В те дни, когда утверждали, что мы впали в отчаяние, Вильери с нашего согласия телеграфировал, что погода благоприятна и что следовало бы начать розыски группы, унесенной вместе с дирижаблем, называемой ныне «группой Алессандри», по словам библии «последние да будут первыми». В те дни, когда печать сообщала, что мы все перессорились, и что некоторые из нас бегают по льду, лишившись рассудка, мы в палатке играли в шахматы и шашки. Я не намерен рисовать наше состояние слишком в розовом свете. Мы вполне отдавали себе отчет о нашем положении и ясно сознавали, какая судьба может нам угрожать. Я сознаюсь без обиняков, что все мы смотрели на нашу участь скорее мрачно, чем уверенно, но об этом не говорили. Все без исключения знали, что пессимистические разговоры неуместны, и единственная мысль, которой обменялись Трояни и я, заключалась в том, что наилучшим утешением для нас служит тот факт, что эта жизнь на льдине скоро должна окончиться либо смертью, либо спасением.
Утверждения о «полярном психозе» также не вполне беспочвенны; это странное чувство — нечто вроде упорства и ненависти по отношению ко льду, на котором мы вынуждены были жить. Может быть, туда примешивалась также некоторая доля страха. Мы называли это чувство «торосной боязнью» («le tеггеur du расk») и сознательно боролись с ним. Летавшие над нами летчики также испытывали это чувство. Только этим я и объясняю то обстоятельство, что шведский летчик Шиберг не вернулся к нам в ту ночь, когда он спас своего товарища Лундборга, хотя база его находилась от нас только на расстоянии пятнадцатиминутного полета на острове Эсмарк, хотя он показал себя храбрым летчиком, когда он, не задумываясь, спустился на нашу льдину, чтобы взять своего приятеля.
История нашего спасения.
Сидя ныне в идиллическом уголке Богемского леса и воскрешая в памяти все фазисы нашей экспедиции, я сознаю яснее, чем раньше, сколь многим жертвовали ради нас те люди, которые оставляли свои семьи и манящую весну в природе своего отечества, чтобы, не задумываясь, рисковать своей жизнью ради нашего спасения и не медля, дали себя захватить отчаянно грустными рамками полярного льда. Много говорят и пишут о гуманности, многие благотворительные общества начертили на своем знамени этот лозунг, но я не знаю, можно ли найти еще какой-нибудь пример большей готовности к самопожертвованию, чем явили эти люди, отправившиеся разыскивать нас. И если мы обязаны нашим спасением отчасти тому счастливому обстоятельству, что наша маленькая полевая радиостанция при катастрофе каким-то чудом о талась невредимой, если, с другой стороны, только некоторые из участников вспомогательных экспедиций добились положительного результата, то это нисколько не умаляет великие жертвы всех, вышедших ради нашего спасения. И мои настоящие строки являются только весьма скромным выражением той благодарности, которую я чувствую по отношению к ним и для которой мне хотелось бы найти более совершенное выражение.

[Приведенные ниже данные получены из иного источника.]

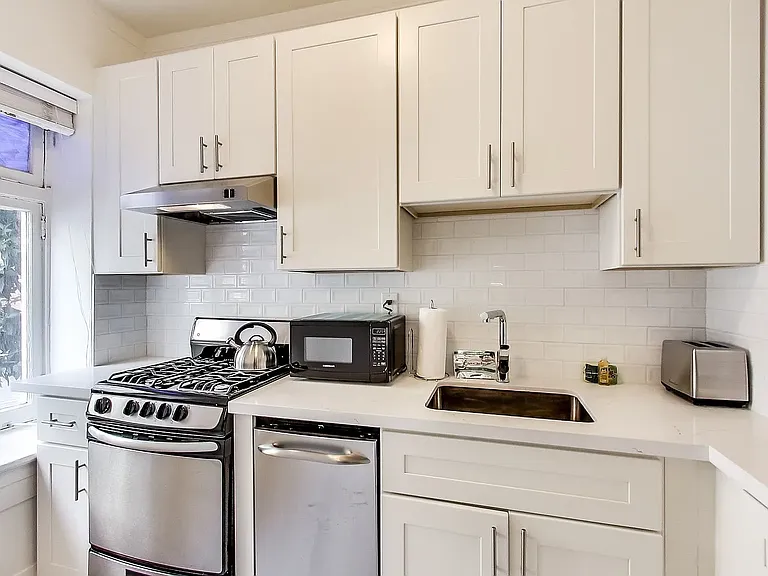 721 Bush St #101 — Photo 8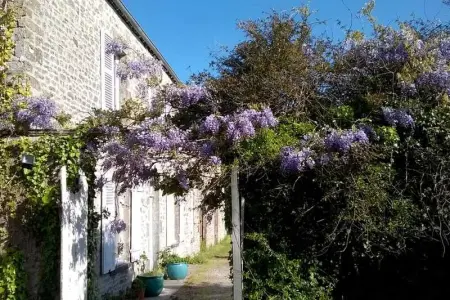 Maison élégante à Fontenay-sur-Mer avec cheminée - Photo 9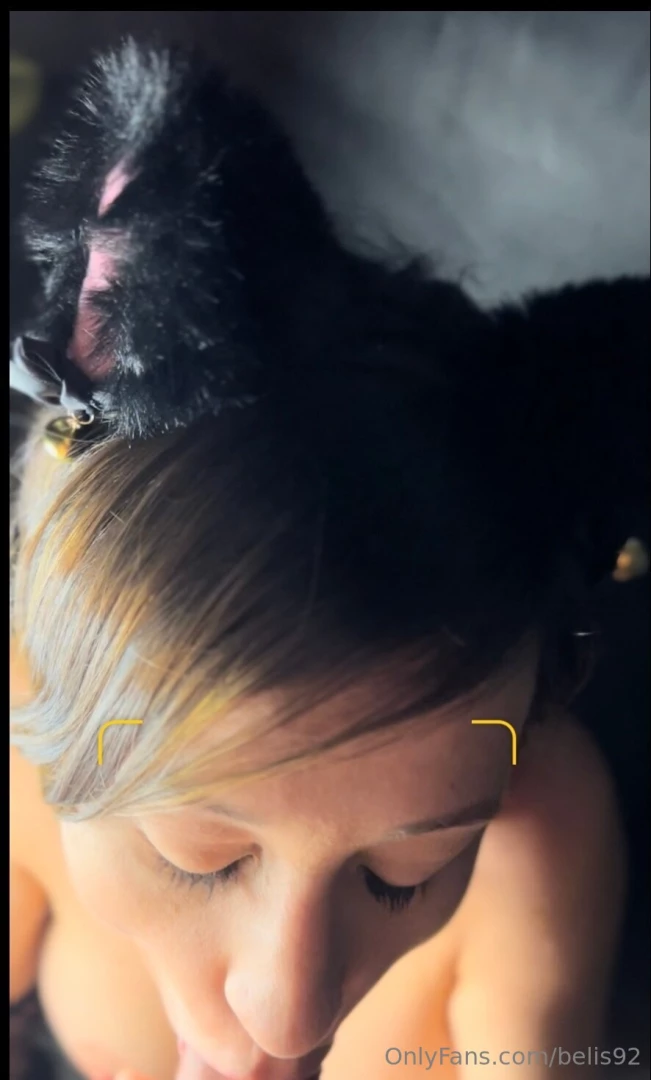 Hoy me apetece comer huevos con salchicha mi plato favorito me das los 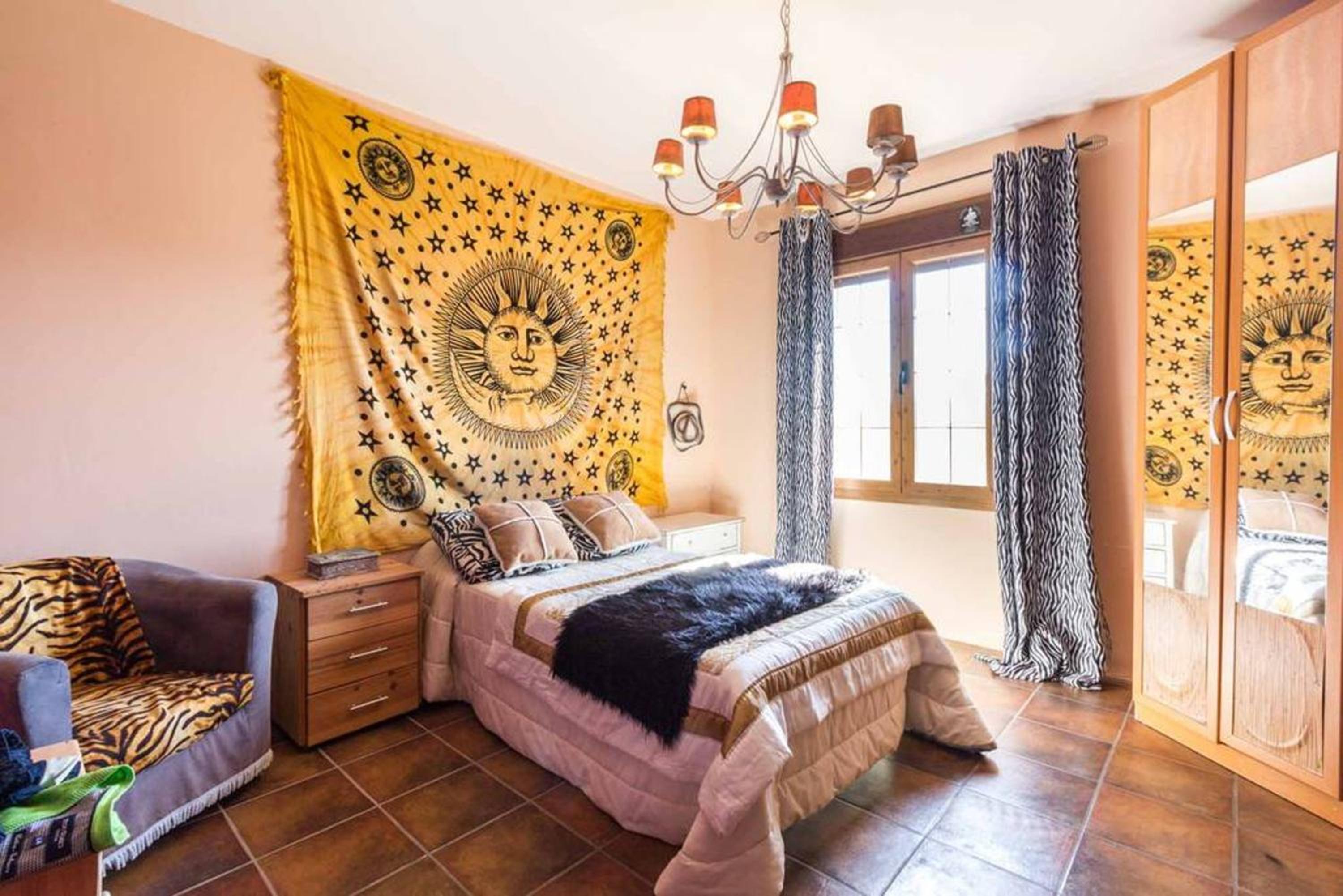 Charming Villa in Padul with Mountain View and Private Pool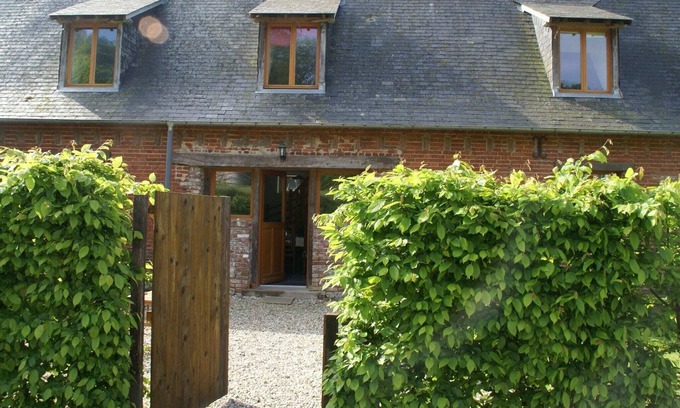 Le Bourg-Dun Cottage | Classic Cottage in Le Bourg-Dun with Garden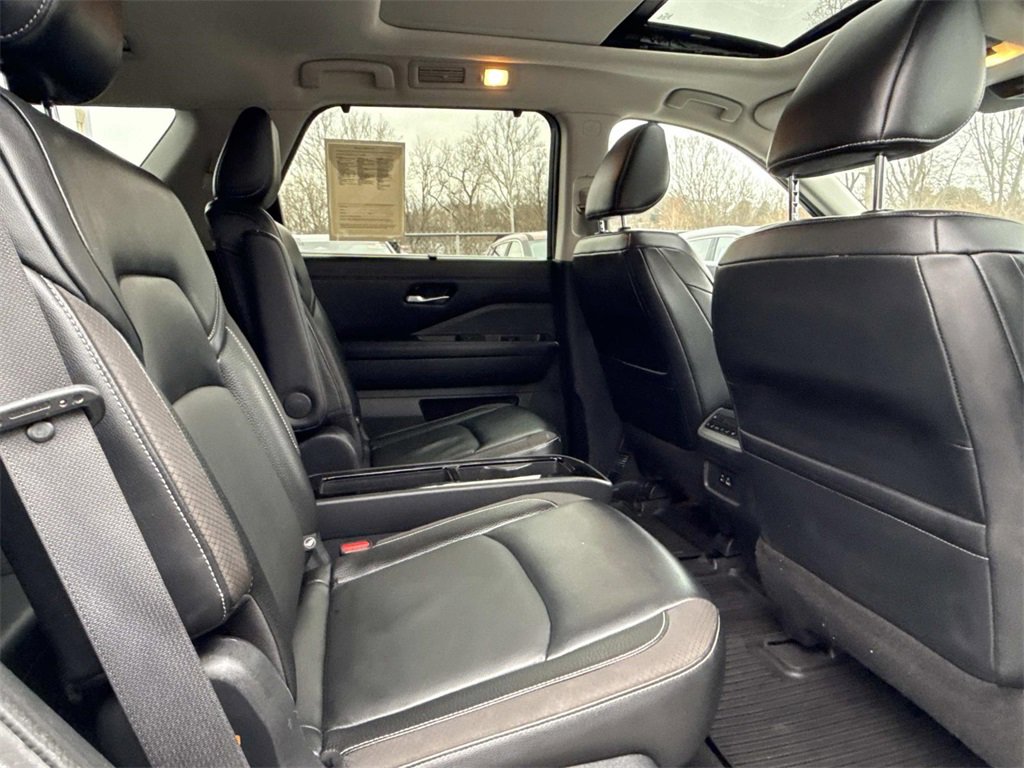 Certified 2022 Nissan Pathfinder SL w/ SL Premium Package image 11
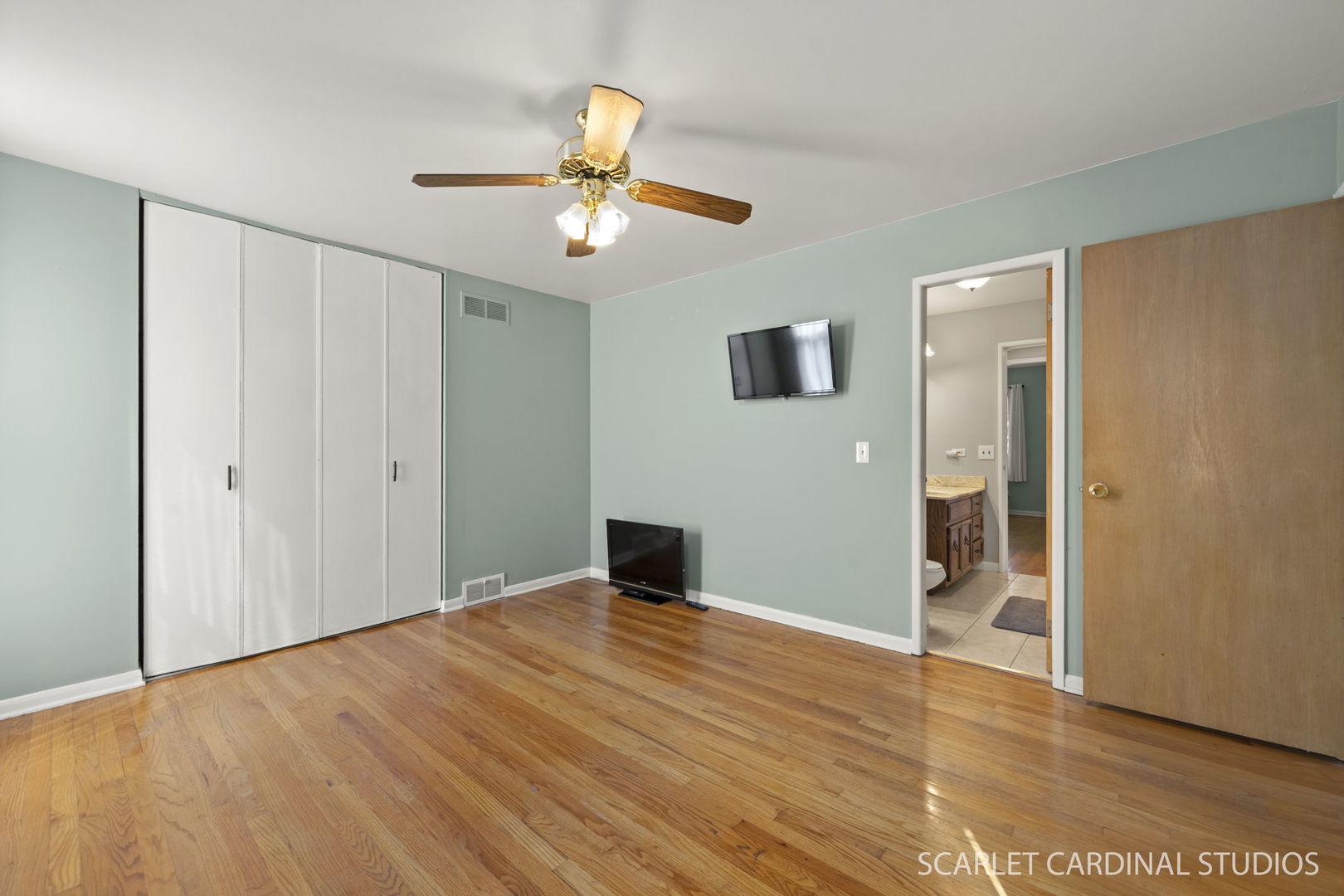 705 S School Street Property Photo 19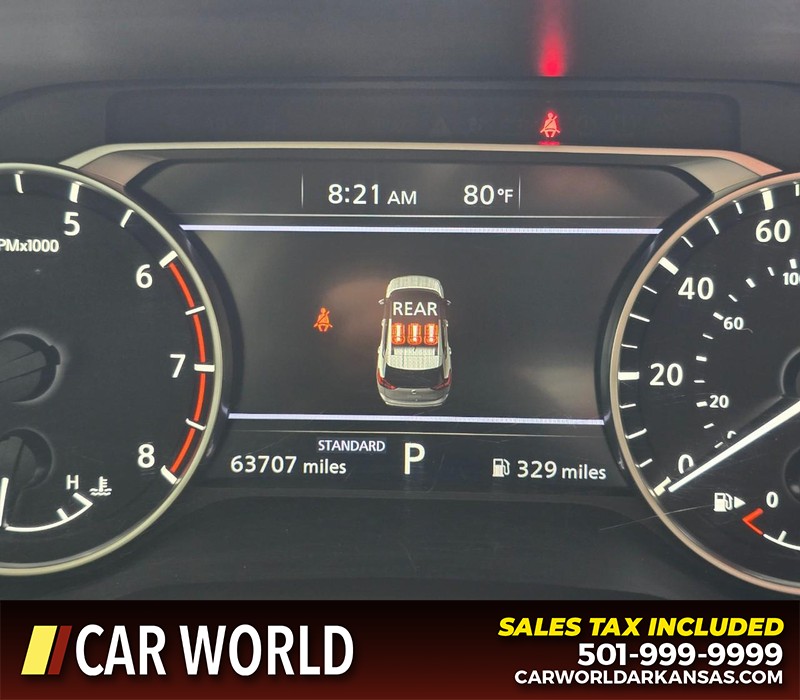 Nissan Rogue Vehicle Full-screen Gallery Image 16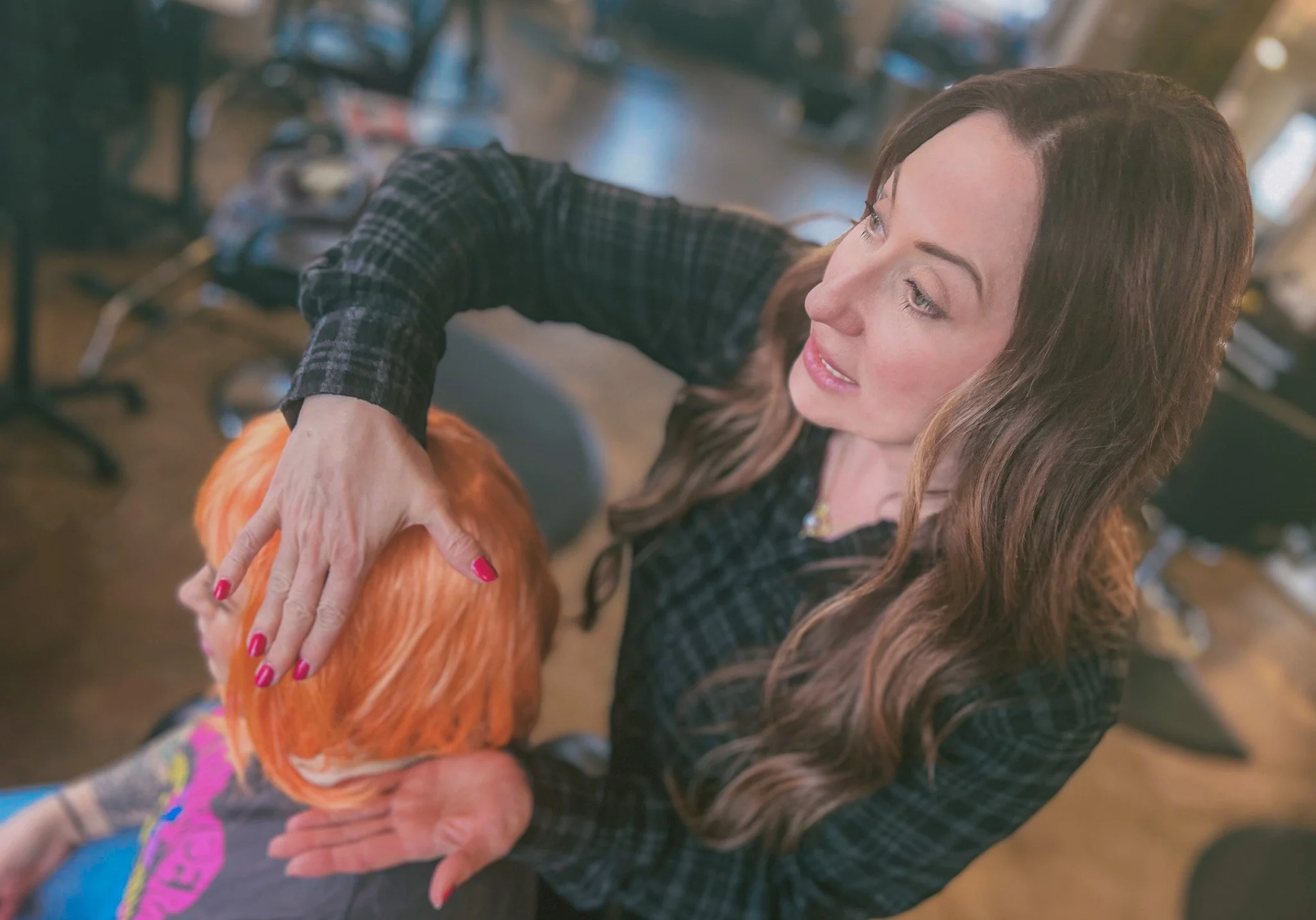 Sonia explains solutions to her guest's unhappy hair situation.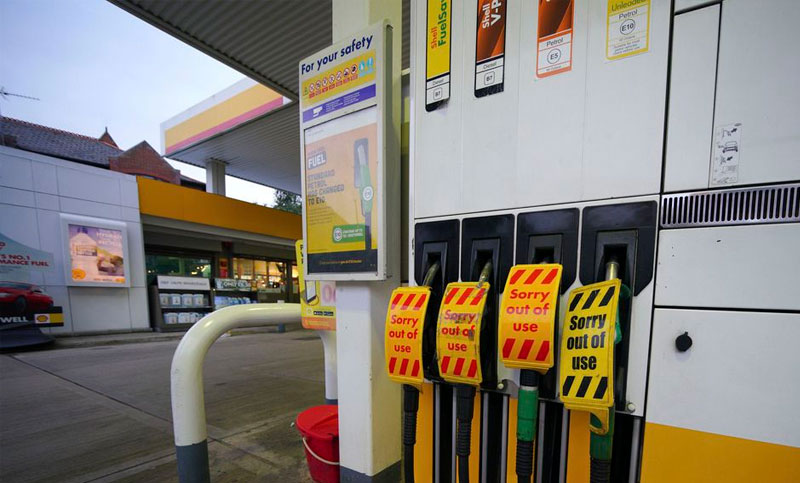 Se agrava la crisis de los combustibles en el Reino Unido por la falta de camioneros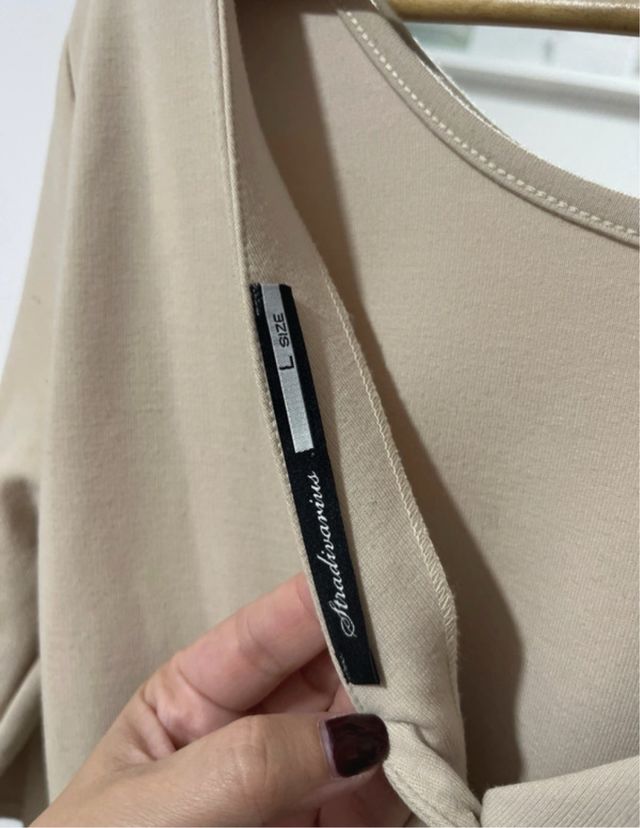 Vestido beige talla L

У меня навсегда останутся в ушах высокие, скорбные звуки пашей радиостанции — единственные звуки, нарушавшие мертвую полярную тишину. Мы стояли перед палаткой и ждали известий, сохраняя гробовое молчание. Бьяджи сидел в своем уголке, в палатке у приемника, и мы ждали, протянет ли он руку к тетрадке, в которую он записывал принятые сообщения, или же он разочарованно снимет наушники с печальными словами:
«Ничего не слышно».
А затем прочитывалось сообщение, и мы узнавали, что мир не забыл про нас, что со всех сторон отправились люди, чтобы разыскать нас. Маленькое моторное судно «Хобби» пыталось, начиная с первых чисел июня, продвинуться до мыса Северного на Шпицбергене. Вместе с ним работало большое рыболовное судно «Браганца», которое и сейчас, когда я пишу эти строки, находится еще на Шпицбергене, чтобы продолжать розыски группы Алессандри и Амундсена. Но ни одному из этих храбрых судов не улыбнулось счастье. «Хобби» была вынуждена вернуться с мыса Северного. «Браганца» несколько раз застревала во льдах и могла добраться только до мыса Платен — откуда впоследствии ее освободил «Красин». Но все это не умаляет заслуги команды этих судов. В полярном море более чем где-либо успех обусловлен в первую очередь счастьем и уже только во вторую очередь — организацией.